Remember the grand plan that Brian Brown unveiled last year to “reverse same-sex marriage in New York”? He probably hopes you don’t, because he can’t deliver on that bill of goods.
Brown is president of National Organization for Marriage, the K Street group behind the 2012 anti-marriage equality ballot campaigns in Washington, Minnesota, Maryland and Maine. In 2011 NOM failed to prevent passage of New York’s Marriage Equality Act.
Yesterday Brown blogged about National Organization for Marriage’s current effort to unseat four Republican New York state senators whose votes helped pass the Marriage Equality Act last year. His grand plan of 2011 has been whittled down to almost nothing in 2012.
A few months after NOM failed to kill New York’s marriage law, Brown raised eyebrows with his grand plan of expunging marriage equality from New York with an anti-gay state constitutional amendment.

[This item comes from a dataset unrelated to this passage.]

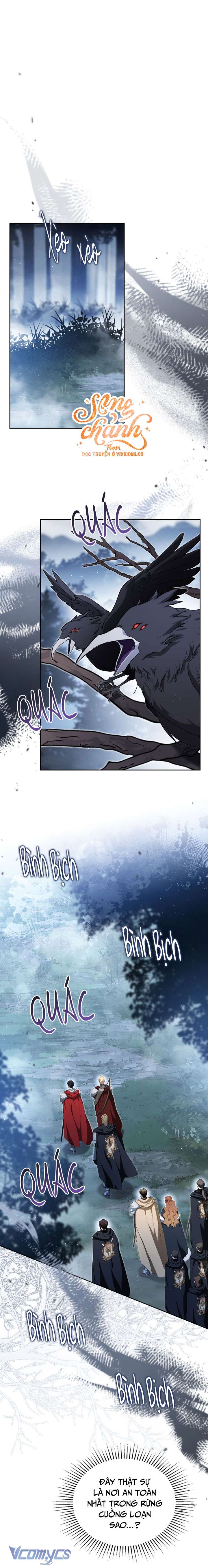 Kiếp Này Nhất Định Làm Gia Chủ Chap 200 - Trang 2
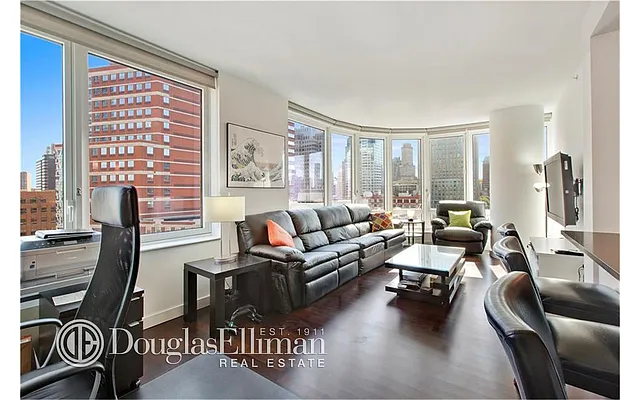 Rented by Douglas Elliman | media 5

Phase 1 of his plan was to happen now, during the November, 2012 elections: “Elect pro-marriage majorities next November  that will approve a marriage amendment in both the Assembly and Senate during the 2013 legislative session.”
At the time of his announcement of the plan, I explained why it was a rather tall order:
Recall that the Assembly passed the Marriage Equality Act by a vote of 80-63 and the Senate passed it by a vote of 33-29. To accomplish this mean-spirited plan, NOM would have to replace at least 18 pro-equality Assembly members and 3 pro-equality Senators (incumbents all) with anti-equality challengers, get a majority of both chambers to approve a proposed amendment, maintain the anti-equality majorities through another election, then get the majority of both chambers to vote anti-equality for a second time.
Then the question would go to the voters, who already overwhelmingly support marriage equality.
With his new, severely scaled back attack on New York’s pro-equality legislators, it would seem that reality has finally caught up with the grand schemer.